_Supplied data_.
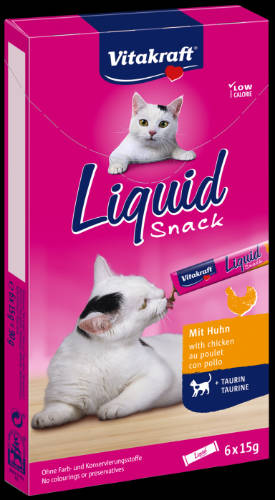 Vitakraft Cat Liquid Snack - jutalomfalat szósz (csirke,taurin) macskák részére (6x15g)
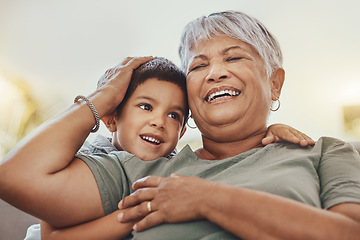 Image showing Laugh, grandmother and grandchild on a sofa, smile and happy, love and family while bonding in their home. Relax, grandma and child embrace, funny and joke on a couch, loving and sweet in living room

* * *

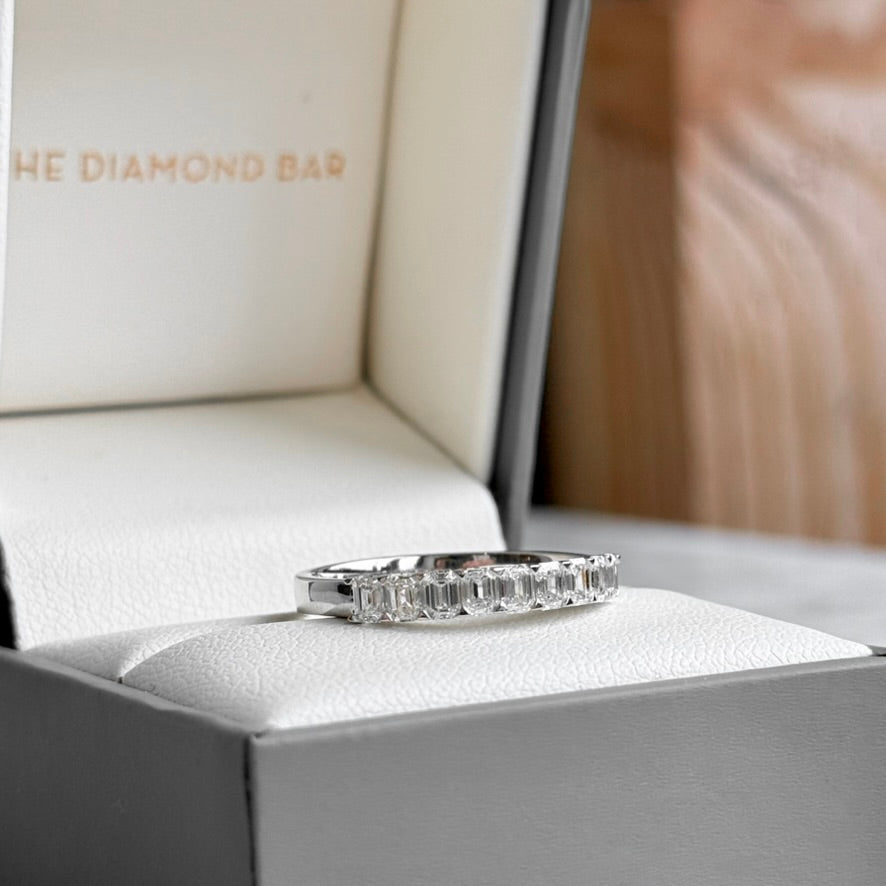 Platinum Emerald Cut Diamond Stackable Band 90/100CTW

--

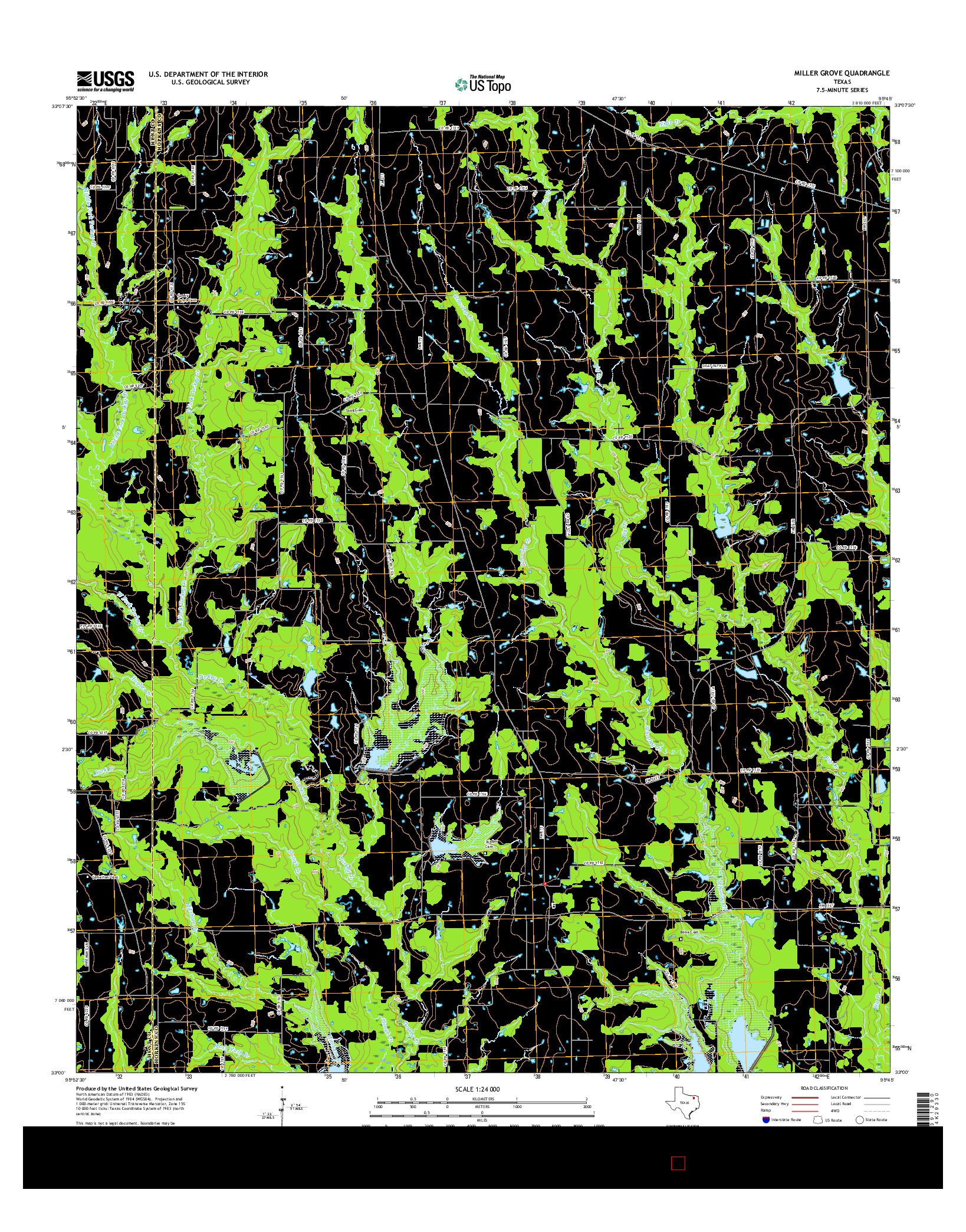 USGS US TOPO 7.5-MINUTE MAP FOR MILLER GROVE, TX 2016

_Work item_. Taking the records above, print only and exactly the lines from the line with "Vitakraft Cat Liquid" to the line with "Image showing Laugh, grandmother", both kept, and exclude pictures.

_Response area_.
 Vitakraft Cat Liquid Snack - jutalomfalat szósz (csirke,taurin) macskák részére (6x15g)
 Image showing Laugh, grandmother and grandchild on a sofa, smile and happy, love and family while bonding in their home. Relax, grandma and child embrace, funny and joke on a couch, loving and sweet in living room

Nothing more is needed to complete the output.